Psychological Medicine 2023 October 32
BACKGROUND: Online treatments are increasing in number and are currently available for a wide range of clinical problems. To date little is known about the role of treatment expectations and other placebo-like mechanisms in online settings compared to traditional face-to-face treatment. To address this knowledge gap, we analyzed individual participant data from randomized clinical trials that compared online and face-to-face psychological interventions.

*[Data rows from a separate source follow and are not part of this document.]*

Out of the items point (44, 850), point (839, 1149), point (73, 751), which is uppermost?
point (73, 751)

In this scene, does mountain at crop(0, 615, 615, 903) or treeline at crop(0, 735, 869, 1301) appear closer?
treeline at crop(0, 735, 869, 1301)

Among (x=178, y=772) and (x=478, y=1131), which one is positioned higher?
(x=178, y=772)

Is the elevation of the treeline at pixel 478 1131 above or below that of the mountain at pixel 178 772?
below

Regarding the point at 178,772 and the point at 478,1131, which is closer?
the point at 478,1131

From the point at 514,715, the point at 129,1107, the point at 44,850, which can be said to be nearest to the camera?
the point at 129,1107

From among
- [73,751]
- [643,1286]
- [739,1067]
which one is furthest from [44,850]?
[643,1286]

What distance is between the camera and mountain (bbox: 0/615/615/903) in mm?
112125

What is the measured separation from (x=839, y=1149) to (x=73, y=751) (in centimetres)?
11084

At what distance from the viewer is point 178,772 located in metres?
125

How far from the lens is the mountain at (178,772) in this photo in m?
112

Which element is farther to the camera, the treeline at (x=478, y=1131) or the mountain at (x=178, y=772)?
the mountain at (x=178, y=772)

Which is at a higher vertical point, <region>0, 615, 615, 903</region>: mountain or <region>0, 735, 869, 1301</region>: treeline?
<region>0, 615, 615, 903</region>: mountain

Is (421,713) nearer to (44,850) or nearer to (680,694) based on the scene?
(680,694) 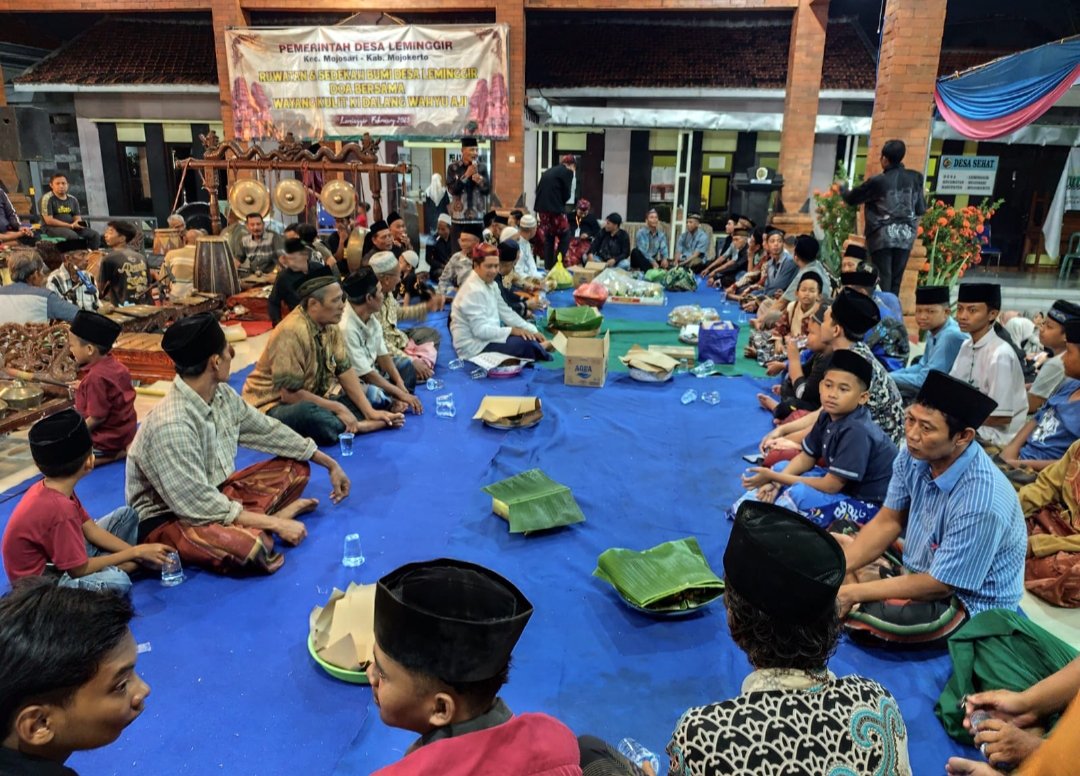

METHODS: MEDLINE (Ovid) and PsycINFO (Ovid) were last searched on 2 February 2021. Randomized clinical trials of therapist guided online v. face-to-face psychological interventions for psychiatric or somatic conditions using a randomized controlled design were included. Titles, abstracts, and full texts of studies were independently screened by multiple observers. The Preferred Reporting Items for Systematic Reviews and Meta-analyses guideline was followed. Authors of the matching trials were contacted for individual participant data. Ratings from the Credibility and Expectancy Questionnaire and the primary outcome measure from each trial were used to estimate the association between expectation ratings and treatment outcomes in online v. face-to-face interventions, using a mixed-effects model.

RESULTS: Of 7045 screened studies, 62 full-text articles were retrieved whereof six studies fulfilled the criteria and provided individual participant data ( n = 491). Overall, CEQ ratings predicted clinical outcomes ( β = 0.27) at end of treatment with no moderating effect of treatment modality (online v. face-to-face).

CONCLUSIONS: Online treatment appears to be equally susceptible to expectancy effects as face-to-face therapy. This furthers our understanding of the importance of placebo-like factors in online treatment and may aid the improvement of healthcare in online settings.